Freiheit said Shepherds clients want to stay close to the shelter to do their drugs, which is why a supervised injection site on the property is critical at a time when the deadly fentanyl and carfentanil are being passed off as heroin on Ottawa streets.

“We don’t want clients to be going off on their own and be in crisis and die somewhere,” Freiheit said. “We want them to be close to us.”

The supervised injection service at Shepherds would be run by Ottawa Inner City Health, which is already training staff in anticipation of receiving federal approval.

Ottawa Inner City Health filed an application last February to establish a supervised injection site at Shepherds but recently put the application on hold to file a new proposal, which the organization hopes will lead to a faster approval. Health Canada received the new application Sept. 29.
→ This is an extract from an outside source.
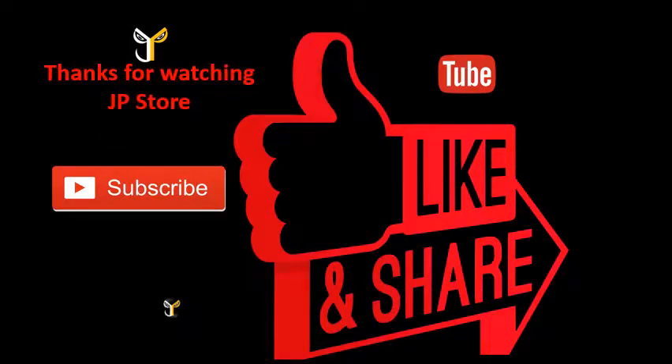Thanks for watching JP store. Please do subscribe, like, and share.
“We’re good to go,” said Wendy Muckle, executive director of Ottawa Inner City Health. “It’s not like we have any choice. We’ve had a hellish summer.”
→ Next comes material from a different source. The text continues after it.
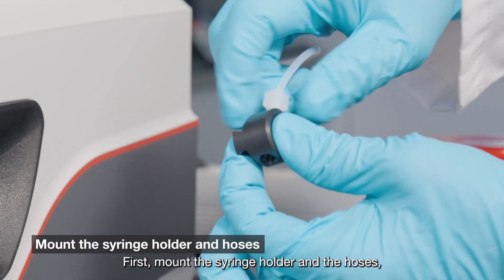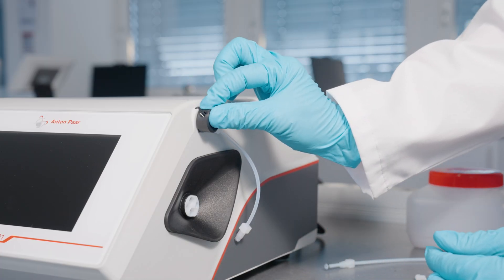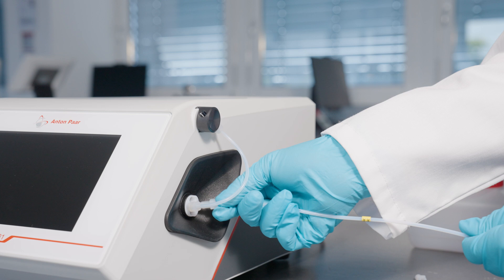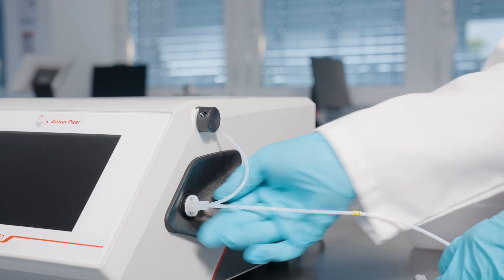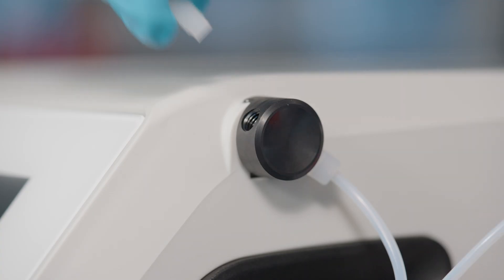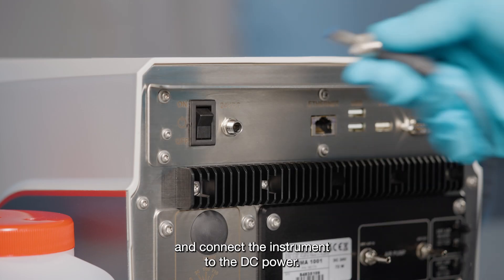First, mount the syringe holder and the hoses. Then connect the instrument to the DC power.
Muckle said Ottawa Inner City Health counted 75 overdose “reversals” in September 2017. In September 2016, there was one.

If the fit-up of the trailer goes according to schedule, it should be ready for clients by the end of the month, but it all depends on the federal approval. The organization also needs funding from the province.

“All we can really do is hope the feds and the province feel the same as what we do,” Muckle said.

Muckle lauded the health unit’s work to quickly get approval for its supervised injection site on Clarence Street, but she said Shepherds clients who are using drugs tend to stick around their “safe spot” at the shelter.

“It’s not a good fit for their culture and their needs,” Muckle said of the health unit’s site.

The other problem is the operating hours of the two supervised injection services. The health unit and the tent both wrap up operations each night at 9 p.m.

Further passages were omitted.